Reading those emails, it’s clear that I had already put some thought into this (even if I can’t remember doing so), so I may as well copy-paste what some them were:

1) Could iCasp9 not work in murine cells, due to the potential species-based sequence differences in downstream targets? Answer seems to be no, as a quick google search yields a paper that says “Moreover, recent studies demonstrated that iPSCs of various origin including murine, non-human primate and human cells, effectively undergo apoptosis upon the induction of iCasp9 by [Rimiducid]. https://www.ncbi.nlm.nih.gov/pmc/articles/PMC7177583/

Separately, after the K562s (human-derived cells) came into the picture:

This is actually the second time this subject has come up for me this week; earlier, I had a collaborator working in MEF cells note that they were seeing slightly increased but still quite incomplete cell death. That really made me start thinking about the mechanism of iCasp9-based killing, which is chemical dimerization and activation of caspase 9, which then presumably cleaves caspases 3 and 7 to then start cleaving the actual targets actually causing apoptosis. So this is really starting to make me think / realize that perhaps those downstream switches aren’t always available to be turned on, depending on the cellular context. In their case, I wondered whether the human caspase 9 may not recognize the binding / substrate motif in murine caspase 3 or 7. In yours, perhaps K562’s are deficient in one (or both?) of those downstream caspases?

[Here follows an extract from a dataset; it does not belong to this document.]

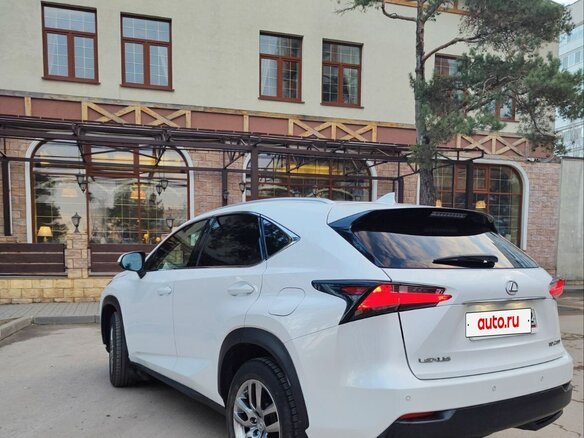 2017 Lexus NX 200 I, белый, 2900000 рублей - вид 3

Now for the most recent time, which happened in the lab rather than by email: It was recently brought up that there is a particular landing pad line (HEK293T G417A1) which we sometimes use, that apparently has poor negative selection. John and another student each separately noticed it. Just so I could see it in a controlled, side-by-side experiment, I asked John if he’d be willing to do that experiment, and the effect was convincing.

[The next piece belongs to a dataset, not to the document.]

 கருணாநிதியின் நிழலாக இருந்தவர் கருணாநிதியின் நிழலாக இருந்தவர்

So after enough attempts and inadvertently collecting datapoints, we see the cases where things did not go the way we expected. Perhaps all of these cases share a common underlying mechanism, or perhaps they all have unique ones; we probably won’t ever know. But there are also some potentially interesting perspective shifts (eg. a tool existing only for a singular practical purpose morphing into a potential biological readout), along with the practical implications (ie. if you are having issues with negative selection, you are not alone).

This is the post I will refer people to when they ask about this phenomenon (or what cell types they may wish to avoid if they want to use this feature).

I’ve now done a *bunch* of kill curves with HEK cells in various forms (WT HEK cells, single or double landing pad cells). Here’s a compendium of observed toxicity of serial dilutions of various small molecules in HEK cells not engineered to be resistant in any way. (This is mostly for my own reference, when I’m in the TC room and need to check on some optimal concentrations).